The experimental results are shown in Table 4. After removing the CNN component, the model’s performance slightly decreases, with an accuracy of 0.9798. After removing the BiLSTM component, the model exhibits a decrease in accuracy, precision, and recall, with the F1 score dropping to 0.9688. In the configuration where both CNN and BiLSTM components are removed (w/o C&BiL), the model’s performance further deteriorates, with the F1 score at 0.9563. This indicates that the CNN and BiLSTM components play a crucial role in improving the model’s performance.
Finally, when the complete CLA-BERT model is used, the model achieves the best performance, with an accuracy of 0.9824. In summary, the CNN, BiLSTM, and Multi-Head Attention (MHA) modules play an essential role in the encrypted traffic classification task. Removing any of these components significantly weakens the model’s performance, further confirming their indispensability in improving classification accuracy.
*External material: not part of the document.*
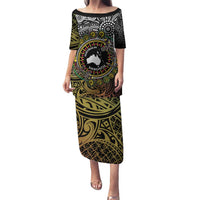 Personalised Australia And Vanuatu Family Matching Puletasi and Hawaiian Shirt Aboriginal Lizard Polynesia Ni-Van Pig Tusk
5.6. Comparative Experiment

In this section, we evaluate the performance of our proposed CLA-BERT method through comparative experiments on three different traffic classification datasets: ISCX-VPN-Service, ISCX-VPN-App, and CSTNET-TLS 1.3. We selected 14 existing traffic classification methods as baselines for comparison with CLA-BERT. These methods can be categorized into the following three groups: fingerprint-based methods (e.g., FlowPrint [15]); statistical feature-based methods (e.g., AppScanner [16], CUMUL [34], BIND [19], K-fp [35], and DF [36]); deep learning-based methods (e.g., FS-Net [22], GraphDApp [37], TSCRNN [23], Deeppacket [20], and ICLSTM [25]); and BERT-based methods (e.g., PERT [11] and ET-BERT [6]). Through these comparative experiments, we comprehensively assess the performance of CLA-BERT on different datasets.
The experimental results (see Table 5 and Table 6, Figure 6 and Figure 7) show that on the ISCX-VPN-Service, ISCX-VPN-App, and CSTNET-TLS 1.3 datasets, CLA-BERT outperforms existing methods on all evaluation metrics. Specifically, CLA-BERT achieves F1 scores of 99.02%, 99.49%, and 97.78% on these three datasets, respectively. For example, compared to traditional statistical feature-based methods (such as AppScanner and BIND), CLA-BERT performs significantly better. On the ISCX-VPN-Service dataset, CLA-BERT’s accuracy is 27.2% and 23.68% higher than that of AppScanner and BIND, respectively. On the ISCX-VPN-App dataset, CLA-BERT improves accuracy by 2.07% compared to the best-performing deep learning method, Deeppacket. This result shows that CLA-BERT performs exceptionally well in VPN-encrypted traffic classification tasks.
On the CSTNET-TLS 1.3 dataset, CLA-BERT was compared with BERT-based traffic classification methods (e.g., PERT and ET-BERT), and the results show that CLA-BERT improves accuracy by 8.6% and 0.38% over PERT and ET-BERT, respectively. This demonstrates that CLA-BERT, compared to using BERT alone, more effectively integrates packet-level and byte-level features, thereby enhancing the performance of encrypted traffic classification.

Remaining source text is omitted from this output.